Thank you very much from Serbia!

Woodsummer1 says:

Ooooh, well that makes perfect sense. (I’m just starting up an organic farm and I’ll be planting my first apple trees in a couple of weeks – obviously I know nothing about them yet! :)  Thank you for your reply, Debbie!

usefulplants says:

The goal with this cut is to influence the height of the next higher set of scaffold branches. For a semi-dwarf apple, 15-18″ is a good distance. If you really want the tree to grow to its maximum height, you could just not prune the leader. I (Debbie) prefer to have more of the branches lower where I can access the fruit!

Woodsummer1 says:

Excellent video! One question though… why does Chuck cut the central leader back so much on the second tree? I didn’t quite catch what that does for the tree or why you wouldn’t want it to grow upwards as much as possible. Thanks! :)

julieruf1 says:

I watched many tree pruning videos. Ths was the best of them. Great job. Very helpful!!!

higgin704 says:

Very informative. Thanks so much!!

shulamite1 says:

Thanks for that. We have an apple tree in the centre of our back garden that has not been pruned for 10 years and it’s taking over the garden. We are going to attack the poor thing tomorrow with a pruning saw and secateurs. You have given us great pointers as to how to do it without harming the tree.

usefulplants says:

Probably no way to know for sure. I (Debbie) bought both of them from UPN before I joined the nursery. The first (younger) tree is planted in my orchard and is a Wealthy apple. I’m 75% confident that is an M-7 rootstock. The second (older) tree is planted in my neighborhood garden and is a Goldrush. I know it’s semi-dwarf, but I don’t know its specific rootstock.

MegaJim79 says:

anyway finding out for sure?
also what type of apple is it?

usefulplants says:

I think they’re both M-7.

usefulplants says:

The limb will grow out from the bud, away from the branch it’s on. So if you gently bend the branch up to the tree, it would be on the outside of the branch.
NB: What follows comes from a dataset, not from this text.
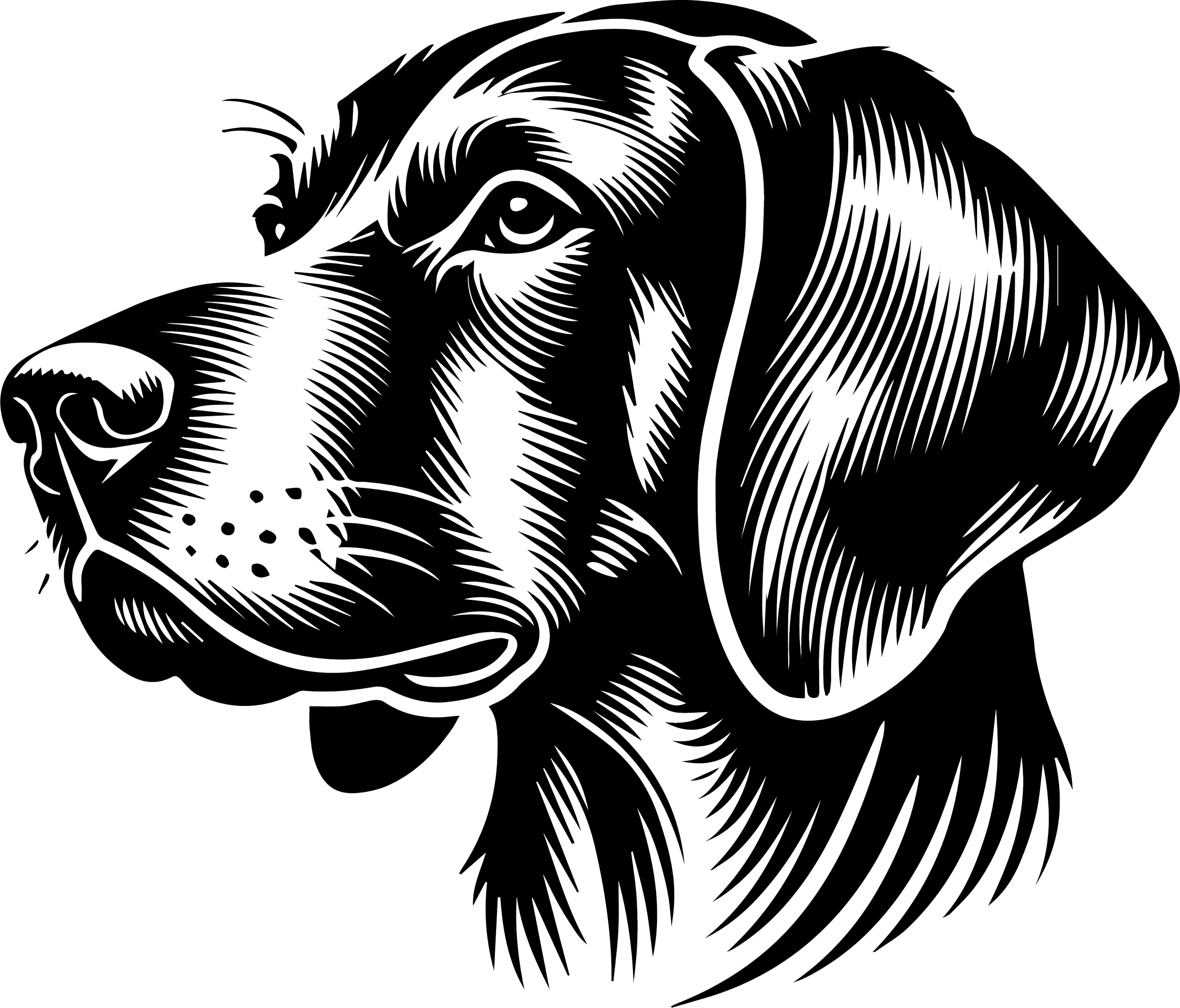Plott Hound 2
Or you could think of it being on the bottom of the branch if the branch is horizontal.

MegaJim79 says:

when they say: “cut to an outward bud”
if a bud is facing outward…how do we know whether it will grow vertically or horizontally?

MegaJim79 says:

This must be a M111 rootstock

coldcallinguk says:

That was an excellent video, thanks.

Speakersoxx says:

I wish i found this video 4 months ago, but it’ll help next year, tx in advance

prognanica says:

Chuck, Chuck, Chuck very nice, very nice place area, I am so jelaous in a good way.
Best wishes from Serbia

rafishe says:

Thanks Chuck… I’m excited to prune my trees now.

gardenbug55 says:

Thanks very much! You presented a lot of good information in a very clear manner – I now have hope that I might not mess up my apple trees that are just now this age!

arlingtonguy54 says:

Thanks Chuck. This is the best pruning video on Youtube that I have found so far. Very professional and clear info.